Paradigmatic relations are also essential in the analysis of form-meaning mismatches in complex words. Booij and Masini (2015) show that there are systematic mismatches between form and meaning of complex words in Dutch, Italian, and Russian that can be accounted for by second-order schemas. In Dutch, there is a systematic form-meaning mismatch between Dutch particle verbs and their nominalizations (Booij, 2015a). The latter are compounds of the particle and a deverbal noun, but semantically the nominalizations of particle verbs. This systematic mismatch, which also holds for other Germanic languages, can be accounted for by second-order schemas.

Spencer (2013) defends the claim that morphology is to be conceived of primarily as a theory of lexical relatedness (hence a theory of paradigmatic relationships), in line with CxM. Spencer also argues that CxM provides an adequate formalism for expressing various types of lexical relatedness.

5. The Relation Between Morphology and Syntax in CxM

The set of lexical expressions of a language comprises more than words: all words are lexical items, but not all lexical items are words. Languages also have lexical items that are phrasal in nature. English particle verbs are phrasal in nature, as are the particle verbs of other Germanic languages (Los, Blom, Booij, Elenbaas, & Van Kemenade, 2012). In their study of Dutch and English particle verbs, Los et al. (2012) argue for a set of lexical phrasal constructional schemas for the various types and subtypes of particle verbs. These particles may also incorporate into the verb but remain non-morphological in nature. Particle verbs, phrasal combinations of a particle and a verb, are characteristic for Germanic languages but have also emerged in present-day Italian and require phrasal constructions to be specified in the Italian lexicon (Iacobini and Masini, 2006). Particle verbs may change into prefixed verbs in the course of history. The gradual transition of phrasal word combinations into morphological constructions implies that both stages may co-occur in a given language, thus enhancing the complexity of a language (Dahl, 2004).

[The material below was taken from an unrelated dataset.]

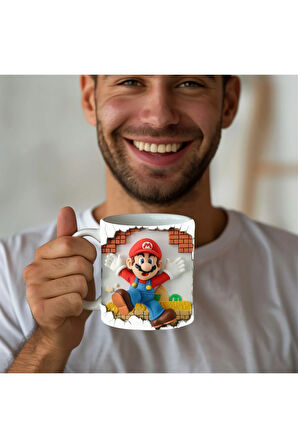 Süper Mario Baskılı 3D Tasarım Seramik Kupa Mug - Hediyelik Kupa Bardak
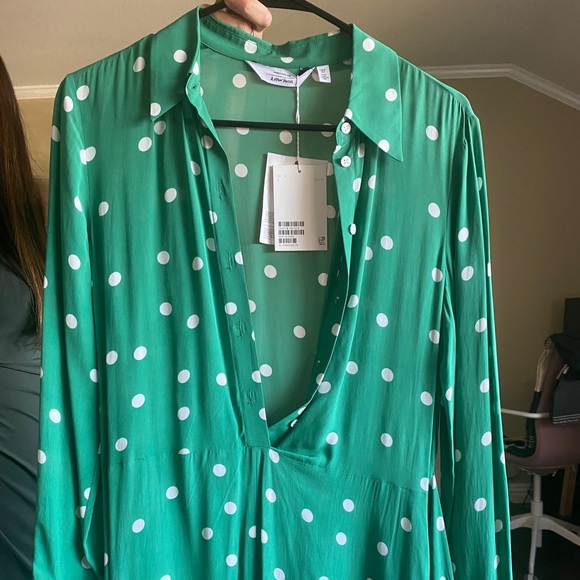 and other stories green polka dot dress Joanie Green Polka Dot Midi Dress UK 12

In many languages noun-incorporation results in phrasal N + V compounds. Because of their non-morphological nature, this is referred to as quasi-incorporation. For instance, Baker (2014) shows that incorporation of nouns and adjectives into verbs in the Australian language Wubuy is phrasal in nature and yet results in lexical expressions. This incorporation can, as Baker argues, be insightfully accounted for in the CxM model. Akita and Usuki (2015) present an analysis of quotative marking in Japanese in terms of a quasi-incorporation construction, a construction with both word-like and phrase-like properties. Kishimoto and Booij (2014) show that negative complex adjectives in Japanese can be either syntactic or morphological in nature. This study shows the gradual transition between these two types of negative adjectives. Both types must be listed in the lexicon as the choice between them is a matter of convention.

5.1 Multi-Word Sequences in the Lexicon

The set of lexical expressions also comprises lexical idioms of various types and formulaic language. The grammar therefore has to contain schemas for both morphological and syntactic constructions (Jackendoff, 2002b). Thus, the boundary between grammar and lexicon is blurred, and what has been called the ‘lexicon’ traditionally is more of a ‘constructicon.’ In particular, there are various types of phrasal word combinations that function as names for entities in Germanic and Romance languages (Booij, 2009b). Many English adjective + noun phrases function as conventional names for entities, for instance, acoustic guitar, blue cheese, red wine, red tape, and white flag. Such conventional phrasal lexical items may also be embedded in compounds, in the non-head position, as in blue cheese sale and red wine expert. However, phrasal constituents of compounds do not have to be conventional lexical items, as other phrases can appear as well, for instance, take home in take home examination.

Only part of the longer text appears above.